Tuesday, September 14, 2004

The new issue of The Third Alternative has my story "A Resurrection Artist" in it. The cover is beautiful, too. I can't wait to get my copy of it.

Yesterday a boy told me his name was Karaoke. I think I must have heard him wrong. I *had* to.

I not only teach english, but cultural lessons about America. Those are my duties. When I was complaining about that one elementary school with the bad kids to Hiromi, my coordinator at the office that hired me to come here and teach at Edosaki, I told her that I was telling Miyamoto sensei, the second grade teacher with a little English at that school, how the fourth and sixth grades were really good. I didn't say how bad the fifth grade was, or how sort of indifferent the second and third graders were, and thought that was fair. Hiromi said, "You should have told Miyamoto sensei that her second grade class was excellent." I said, "Why?" She said, "Because you taught in her class that day," as if that is reason enough to give out a compliment I don't actually mean. I think this must be that whole Japanese politeness thing. So I told Hiromi, "I'm not just teaching English, but cultural lessons, right? Well Miyamoto sensei will just have to learn that I'm American and I'm not going to say her class was wonderful just because I taught in it."

Cultural lesson one: I don't care if that's offensive. To me, I was being fair. I didn't say her class was bad, I didn't say it was great either. I did mention the fourth and sixth grades were good. I imagine in Japan I probably said her class was bad by not saying anything at all about it, when really I just had a neutral reaction to her neutralized classroom. So no complaints, and no compliments. I just don't always have that ability to go around like freakin Mary Poppins to everyone.

(Although Ben is right, as usual. In the nation of cuteness and delight, I am at my glowingest).


Actually I really do have to write about all the cuteness and delight stuff here at some point. It's both sweet and ridiculous at the same time. I think the two favorite English words the Japanese like to use (in completely weird ways too) are 'together' and 'enjoy'. Let's enjoy soccer together. Let's sukiyaki together. Happy together. So happy together! and on and on and on and on....

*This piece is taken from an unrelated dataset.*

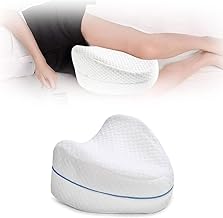 مخدة تخفيف عرق النسا على شكل قلب، مصنوعة من قطن الميموري الفاخر لتوفير دعم مستهدف أثناء النوم وتخفيف الانزعاج في الظهر والورك والمفاصل مع راحة ومتانة عالية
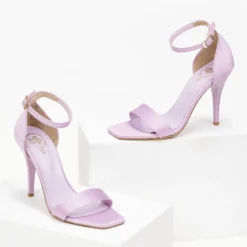 Πέδιλα σατέν TFP με μπαρέτα - Λιλά -Γόβες Εκπτώσεις pedila saten tfp me mpareta 100447 99g1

Anonymous Anonymous said...

Congratulations on the story in The Third Alternative. Just a bit of teacher "mom" feelings. A teacher always likes to hear how good their class is, if in America or Japan.My guess is Hiromi doesn't want to hear that "any" Japanese class is "bad", or doesn't measure up.Cultures are much different and she may have taken offense to your comments about that elementary school more than the second grade teacher. It probably is a woman thing.:) Email you soon. Love, Mom

11:46 PM  
Blogger Christopher Barzak said...

Nope, Mom, you're wrong on this one. Not a woman thing. Miyamoto sensei and I were fine. This is just Hiromi. She's the Emily Post of Japanese manners, many of which seem antiquated even to the Japanese.

12:49 AM  
Blogger Christopher Barzak said...

Also, my words aren't any good if I tell people things I don't mean, so I won't tell people things I don't really mean, just to grease their wheels, and that's anywhere, in America or Japan.

12:50 AM  
Anonymous Anonymous said...

I always have this problem in Switzerland. The Swiss get the silver after Japan's gold in the Politeness Olympics, and it used to drive me crazy that people wouldn't just come out and say what they mean. They speak in a lot of allusion and euphemism. A lot of that "oh no, I couldn't possibly", which means, "ask me a couple more times and I will". Or, "thanks so much for cooking", meaning "this isn't really edible".

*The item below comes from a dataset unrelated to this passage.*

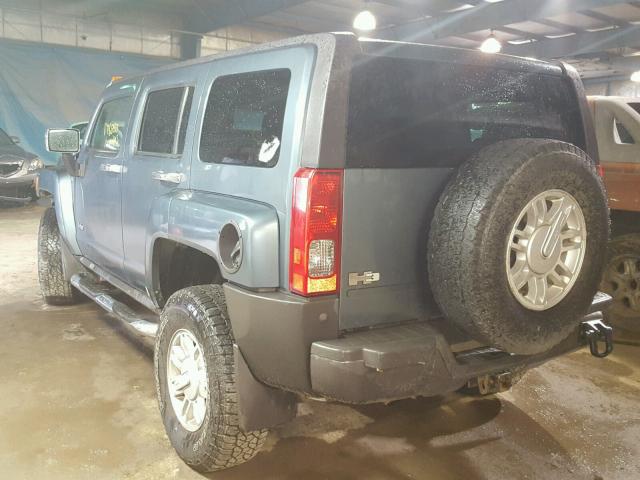 5GTDN136168311335 - 2006 HUMMER H3 BLUE photo 3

For a long while I would rage about how nobody was being honest and human relationships were impossible and must be strained and frigid if no one was honest with each other, etc.

Eventually I learned that it's just like a cultural volume button. The Swiss are being perfectly candid when they talk like this. Everyone knows what they mean. They're just communicating it in Swiss cultural language. I have to turn up the gain when I'm in Switzerland, and turn my own volume down.